In deze zaak heeft de kinderrechter op 1 december 2023 een nadere beschikking gegeven over de verlenging van de ondertoezichtstelling van een minderjarige, geboren in 2019. De zaak betreft de Stichting Jeugdbescherming Brabant, die als gecertificeerde instelling optreedt. De moeder en vader van de minderjarige zijn betrokken als belanghebbenden, bijgestaan door hun advocaten. De kinderrechter heeft de Raad voor de Kinderbescherming ingeschakeld voor advies over het verzoek tot verlenging van de ondertoezichtstelling.
De procedure is gestart na een eerdere mondelinge beslissing op 24 augustus 2023, waarbij de ondertoezichtstelling was verlengd tot 2 december 2023. De kinderrechter heeft de stand van zaken beoordeeld, waarbij de positieve ontwikkeling van de moeder in het meewerken aan het proces is opgemerkt. De moeder werkt samen met de Gezinsmanager en is bezig met het voorbereiden van contact tussen de minderjarige en de vader. De vader heeft ook aangegeven dat hij achter de verlenging van de ondertoezichtstelling staat.

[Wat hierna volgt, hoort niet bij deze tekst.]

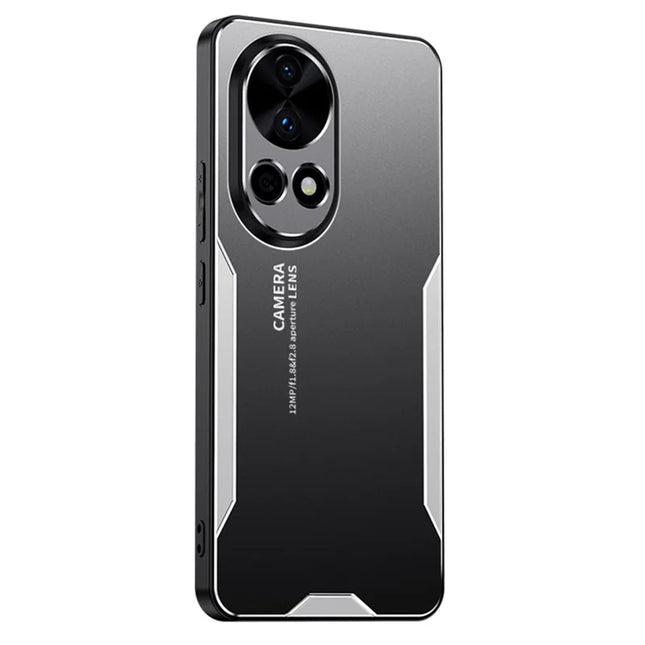 For Huawei nova 13 5G Phone Case Aluminium Alloy TPU PC Back Cover - Silver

De kinderrechter heeft geconcludeerd dat, hoewel er nog geen persoonlijk contact heeft plaatsgevonden tussen de minderjarige en de vader, er wel stappen worden gezet in de richting van begeleid contact. De kinderrechter heeft besloten de ondertoezichtstelling te verlengen voor een periode van negen maanden, tot 2 september 2024, en heeft de beschikking uitvoerbaar bij voorraad verklaard. Dit betekent dat de beslissing onmiddellijk moet worden nageleefd, ook als er hoger beroep wordt ingesteld.